For Giuliano Bekor, a photograph is an image that comes into being consciously, composed of light, color, space and form. Like a painter, he sketches, refining ideas through pen and pencil well before the shutter clicks. A camera is strictly a means to an end, a way of making a palpable visual record of an idea that gestates in his mind, gains shape by his hand, and resolves through his eye as it peers through the lens.

His subject is the human body, almost always nude. These images delve into the splendor of the body — how it can express the inner meaning of who we are.

Giuliano started taking pictures when he was a child and came to it professionally by accident.

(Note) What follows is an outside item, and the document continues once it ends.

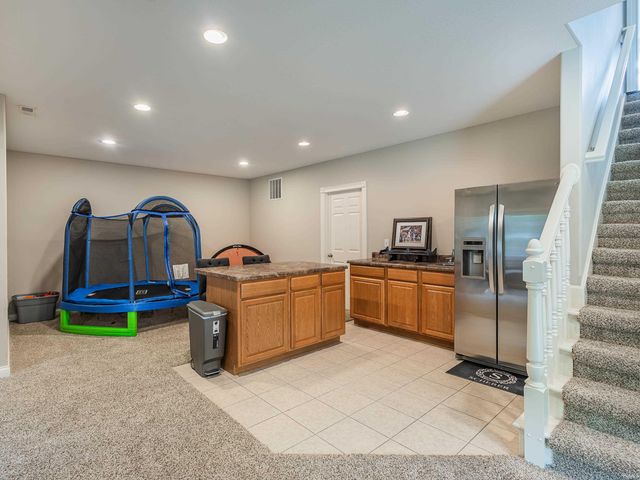 12720 Chestnut Passway, Fort Wayne, IN 46814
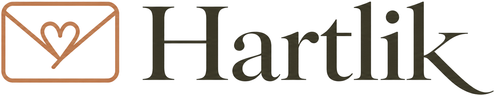 Hartlik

Limbs, torsos, muscles and bones are exposed as though carved out of a supple, glowing stone that flexes and twists. Many of these photographs feature subjects posed with the eyes obscured, the face covered. If we look closely, Bekor says, we can see that the body is as much a window into the soul as the eyes. This is a gallery of the soul etched into the forms we assume in the physical world.

Through exaggerated contrast between light and dark, smooth and textured, vaporous and tactile, Giuliano deliberately filters the extraneous. The camera captures the image, but for Bekor each exposure is a transformation — of himself, his subjects, and us.

Giuliano Bekor is an American photographer who has exhibited nationally, as well as in France, Greece and Italy.

The intensity of detail, the fiercely exquisite perfection of the bodies themselves, the unflinching, scrupulous engagement of the lens, negates all pretense of politeness. Confronted, we are summoned to look. So we must. And we do.